Based on a comparison of responses we provide updated recommendations for the NZ Government around strengthening existing public health measures to reduce the immediate and long-term impacts from Covid-19.”

In fact, the information provided by the Otago Department of Public Health scientists to the government in this blog is lacking key explanatory information and apparently biased in favour of particular policy decisions. It suggests that prior New Zealand policy has been the best in the world and should be extended.

Their recommendations include:

  • Extending current government messaging encouraging boosters
  • Strengthening measures in schools.
  • mRNA vaccines for the under fives.
  • Deploying new biotech vaccine types.
  • Stronger measures to ensure vaccine acceptance.
  • Mandates to enforce mask wearing.
  • Longer periods of home isolation

The sole reference in the blog to the rapidly accelerating all-time record levels of all-cause mortality in New Zealand is this phrase:

“…the direction of the curve suggests that the reduction is decreasing in magnitude.”

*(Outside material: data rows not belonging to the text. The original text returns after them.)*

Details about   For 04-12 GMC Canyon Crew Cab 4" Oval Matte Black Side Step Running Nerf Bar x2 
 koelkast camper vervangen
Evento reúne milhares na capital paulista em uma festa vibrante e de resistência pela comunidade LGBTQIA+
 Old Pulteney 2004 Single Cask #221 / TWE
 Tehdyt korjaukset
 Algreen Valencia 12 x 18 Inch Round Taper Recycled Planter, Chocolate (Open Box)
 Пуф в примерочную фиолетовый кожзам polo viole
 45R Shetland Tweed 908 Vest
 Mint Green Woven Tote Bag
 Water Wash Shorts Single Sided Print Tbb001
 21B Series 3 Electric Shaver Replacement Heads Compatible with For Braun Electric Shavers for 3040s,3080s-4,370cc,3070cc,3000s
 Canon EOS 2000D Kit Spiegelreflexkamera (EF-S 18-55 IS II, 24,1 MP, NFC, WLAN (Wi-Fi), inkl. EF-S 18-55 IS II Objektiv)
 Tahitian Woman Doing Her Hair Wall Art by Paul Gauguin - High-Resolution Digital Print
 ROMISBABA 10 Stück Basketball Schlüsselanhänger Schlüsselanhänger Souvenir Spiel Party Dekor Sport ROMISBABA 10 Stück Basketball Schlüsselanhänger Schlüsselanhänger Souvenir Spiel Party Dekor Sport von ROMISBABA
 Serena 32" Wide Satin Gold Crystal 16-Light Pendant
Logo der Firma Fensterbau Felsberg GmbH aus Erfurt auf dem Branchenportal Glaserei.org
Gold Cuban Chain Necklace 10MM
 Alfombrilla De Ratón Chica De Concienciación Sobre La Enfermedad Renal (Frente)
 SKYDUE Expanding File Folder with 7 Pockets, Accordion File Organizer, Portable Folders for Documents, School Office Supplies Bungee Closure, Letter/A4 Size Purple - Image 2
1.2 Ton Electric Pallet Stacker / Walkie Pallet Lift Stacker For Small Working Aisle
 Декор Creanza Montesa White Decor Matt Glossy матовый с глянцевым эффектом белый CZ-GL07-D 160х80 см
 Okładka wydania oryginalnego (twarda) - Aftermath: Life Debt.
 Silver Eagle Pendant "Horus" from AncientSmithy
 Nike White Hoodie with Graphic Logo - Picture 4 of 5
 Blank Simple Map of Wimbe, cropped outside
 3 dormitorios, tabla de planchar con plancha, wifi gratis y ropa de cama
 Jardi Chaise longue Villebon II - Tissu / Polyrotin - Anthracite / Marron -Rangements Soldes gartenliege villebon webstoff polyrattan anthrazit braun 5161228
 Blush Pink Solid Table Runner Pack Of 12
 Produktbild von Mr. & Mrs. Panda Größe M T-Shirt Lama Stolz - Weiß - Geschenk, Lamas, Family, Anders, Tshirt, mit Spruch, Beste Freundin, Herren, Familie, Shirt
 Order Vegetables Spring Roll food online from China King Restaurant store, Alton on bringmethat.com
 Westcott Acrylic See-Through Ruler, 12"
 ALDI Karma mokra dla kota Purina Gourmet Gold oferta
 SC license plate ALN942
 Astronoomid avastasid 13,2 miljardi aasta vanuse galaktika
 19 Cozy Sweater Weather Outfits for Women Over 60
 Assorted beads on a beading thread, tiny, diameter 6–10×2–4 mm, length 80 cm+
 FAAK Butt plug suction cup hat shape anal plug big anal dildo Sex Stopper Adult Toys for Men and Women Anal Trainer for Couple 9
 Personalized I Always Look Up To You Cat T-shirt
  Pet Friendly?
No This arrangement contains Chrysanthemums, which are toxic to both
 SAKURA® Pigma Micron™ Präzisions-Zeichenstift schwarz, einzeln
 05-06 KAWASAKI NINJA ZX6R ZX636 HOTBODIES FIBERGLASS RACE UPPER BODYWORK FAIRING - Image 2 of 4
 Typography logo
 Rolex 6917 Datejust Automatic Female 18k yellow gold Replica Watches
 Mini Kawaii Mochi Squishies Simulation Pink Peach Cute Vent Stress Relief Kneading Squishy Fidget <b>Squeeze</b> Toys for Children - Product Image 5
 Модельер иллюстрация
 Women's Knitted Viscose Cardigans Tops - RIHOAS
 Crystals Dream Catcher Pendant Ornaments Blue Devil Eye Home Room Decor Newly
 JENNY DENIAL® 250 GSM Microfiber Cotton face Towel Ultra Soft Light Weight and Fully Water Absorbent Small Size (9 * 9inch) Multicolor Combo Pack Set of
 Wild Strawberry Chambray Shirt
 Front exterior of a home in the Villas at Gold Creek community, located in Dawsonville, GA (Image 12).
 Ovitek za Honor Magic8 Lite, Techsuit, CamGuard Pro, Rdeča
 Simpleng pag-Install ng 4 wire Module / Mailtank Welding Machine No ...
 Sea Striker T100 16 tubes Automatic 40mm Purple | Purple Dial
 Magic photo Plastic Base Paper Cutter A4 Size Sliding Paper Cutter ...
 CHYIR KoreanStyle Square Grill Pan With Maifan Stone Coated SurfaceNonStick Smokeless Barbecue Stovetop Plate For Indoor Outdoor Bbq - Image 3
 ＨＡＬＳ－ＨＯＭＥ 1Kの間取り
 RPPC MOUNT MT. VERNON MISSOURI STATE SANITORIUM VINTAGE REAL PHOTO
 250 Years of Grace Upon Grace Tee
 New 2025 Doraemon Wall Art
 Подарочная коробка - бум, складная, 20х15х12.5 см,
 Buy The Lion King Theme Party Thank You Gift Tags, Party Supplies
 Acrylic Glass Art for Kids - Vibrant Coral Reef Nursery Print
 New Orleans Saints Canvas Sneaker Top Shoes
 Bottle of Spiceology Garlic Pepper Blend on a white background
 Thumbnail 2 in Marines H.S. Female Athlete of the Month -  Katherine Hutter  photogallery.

Do you think that is sufficient information for politicians to make informed policy decisions? We don’t. As Benjamin Franklin said many years ago:

There’s none deceived but he that trusts”.

As I wrote to Prime Minister Ardern last week, we are not recording the vaccination status of people on death certificates. As a result, we don’t know what is causing the excess deaths in New Zealand.

In the UK, such figures are kept and they show that excess deaths are disproportionately affecting the vaccinated, especially the boosted. Data from other countries indicates the causes might include high cancer rates, blood clots, and cardiovascular illness.

Crucially, deaths rates are unusually affecting working age people and the young. Have our experts informed our government? Apparently not.

As Rishi Sunak advises:

“Find out what you are not being told”.